Tom Amero, certified elite trainer at Elite, a training company that works with the automotive aftermarket, calls it a hammer drop. You’ve gone through the process of understanding the customer, going through their issue, building trust with your shop, explaining the great techs that will work on it — all these wonderful things — and then tell them their repair will be a couple thousand dollars.
And then it’s silence. But it’s not golden. How do you think the customer is feeling?
“That is the worst place to pause. I just dropped the hammer,” he said during the session High Impact Service Advisor Sales Course at this year’s Midwest Auto Care Alliance’s Vision and Hi-Tech Training Expo in Kansas City.
After you tell them the price, continue the conversation by telling them you can get started on the work that day or whenever you have a spot available. Then ask for their approval. That’s your closing sentence. That doesn’t matter if they’re on the phone with you or in person on the other side of the counter, Amaro noted.
And confidence is key. If you sound like the price is painful, the customer will definitely pick up on that.

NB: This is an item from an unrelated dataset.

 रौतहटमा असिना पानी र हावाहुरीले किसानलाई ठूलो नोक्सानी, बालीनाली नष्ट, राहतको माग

“You’ve got to be confident in the closing,” Amaro said. “If you’ve got an issue with this, they will have an issue with it, I promise you. They will feel that and they will be uncomfortable. You got to confidently know how you’re going to close, you got to know that sentence, deliver the price and deliver your closing sentence.”
That is the time to take a pause.
“Let them digest it. Let them figure it out. Let them talk next. Little bit of silence is OK,” Amaro said. “You cannot pause after the price. It’s ‘price and,’ you deliver your close and then you pause.”
If you talk, for example, about the quality of the parts or the work, chances are you’re going to divert the conversation away from getting the sale done.
“When you speak you’re interrupting the brain process,” observed Darrin Barney, president of Elite, who spoke during the same session.
And when they’re looking for an out, they will likely find one. And maybe it ends up with you offering a discount to not lose the customer.
“We could give away the farm. We guess; we know what the objections are. We guess we know what they’re thinking. We don’t,” Barney said.
I disagree with this sentiment. We’re not salesmen. We provide a needed service. A little empathy and reassuring that the job is necessary, the car is worth the investment, and a brief explanation of the repair being more financially feasible than other alternatives – ie replacing the car, or ignoring the problem and making it worse, is what I believe customers are looking for. Not a hard close. If the work is really necessary, and our price is fair, there should be no salesmanship needed. And in todays market of never ending appointments, I honestly do not have time to argue if someone is just trying to save a nickel. You’re never going to please those people. Charge your inspection fee, and move along to the person beating down the door for service.
In most cases, the car came to you because they already know they needed to spend money.
A bit of sympathy never hurts also.
I used to like people before I started working in retail. Nuff said.